I remembered spending some of the weekend in weekend school in Flushing, trying to brush up on my English or mathematics in order to prepare for the incoming SATs. It was a simpler time, when all I had to do was study hard and do well on tests.


Education was of primary importance in my family and I have to admit that I excelled in the game of education. Eventually culminating in acing my SATs and getting into the well-reputable Cornell University! My goodness, I have made it in life!


This mentality stuck with me in Cornell. And I focused on getting good grades. But the funny thing is no matter how hard I tried in the Engineering School, I was always middling at best - never at the top of the class. I guess I was just not cut out to be a full-blown engineer.

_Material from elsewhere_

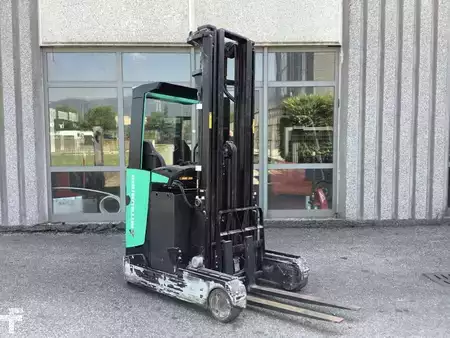 Carrelli retrattili 2011  Mitsubishi RB16N (2)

It was hard stuff. Everything academically about Cornell was a challenge. And I realized that I shouldn’t revolve my life around simply being good at academics. There’s got to be more to life than just doing well and studying hard in school.


Similarly, when I graduated Cornell, my education mentality made me focus on getting a good job and working hard at work. After all, it’s called work for a reason. There was the utmost focus on my career and my profession. That all the other mundane things kind of just got swept to the side.


During my young days, it was work hard, study hard. During my days after college, it was similarly do your job well. And everything else would take care of itself.


But, now as my years progress and I go into my late 30’s. I realize that there is a lot to life that I took for granted. This process called adulting was never too familiar with me. I always lived at home - except for a 3 year span when I studied and worked overseas - so my parents did most of the mundane tasks for me.


Stuff like doing the laundry, washing the dishes, cleaning the floor, taking out the garbage. Mundane but necessary tasks that are needed in order sustain yourself in this game called life. In this society we live in.


These mundane chores are so important, yet I took them for granted for most of my life. Someone had to shop for groceries in my family. Someone had to wash the dishes.

Someone had to sweep the floor and clean the house. Someone had to cook the meals everyday. These everyday errands and chores can take up a large chunk of our lives.


And for the most part, my parents were responsible for the large majority of them. It was a boon for me, that all I needed to focus on was education and career. School and work. That’s all. But, being an adult is more than simply having a good profession and making a lot of money. It’s more than getting good grades and getting into a college.


Those things are important - don’t get me wrong - but they are not the end all be all of everything. These days, I cherish the mundane tasks that need to be done on a daily basis. Cleaning the toilet. Cooking. Shopping for groceries. Taking out the garbage. Because I realize that these mundane tasks are just as important as getting into Cornell University.


I’ve just been privileged to not have to worry about most of these stuff for the majority of my life. That I had the luxury and the resources to simply focus on my work and my school. That was all I had to worry about. It made everything simpler and more efficient for me throughout these years.


But, nowadays, I try to immerse myself a little bit more in the mundane tasks of this world. Because I know that those tasks are very much needed in order to become a full-fledged adult in this world. These things are needed in order to truly get your life together. To become a full-grown man. And I respect and admire that so many people in this world are struggling to make ends meet on their own.


It’s truly admirable and not an easy thing to attain. Especially these days when many people have to manage all by themselves the work and personal life. It’s not easy. Adulting isn’t easy. These mundane tasks are not simply mundane. They are necessary for us to grow and develop as human beings.


Now, I look at doing these tasks as a means to grow. As a means to become more understanding and more a part of society. To see how it feels to become an adult in this world. Because the mundane is often times the part that fuels us into the person that we become.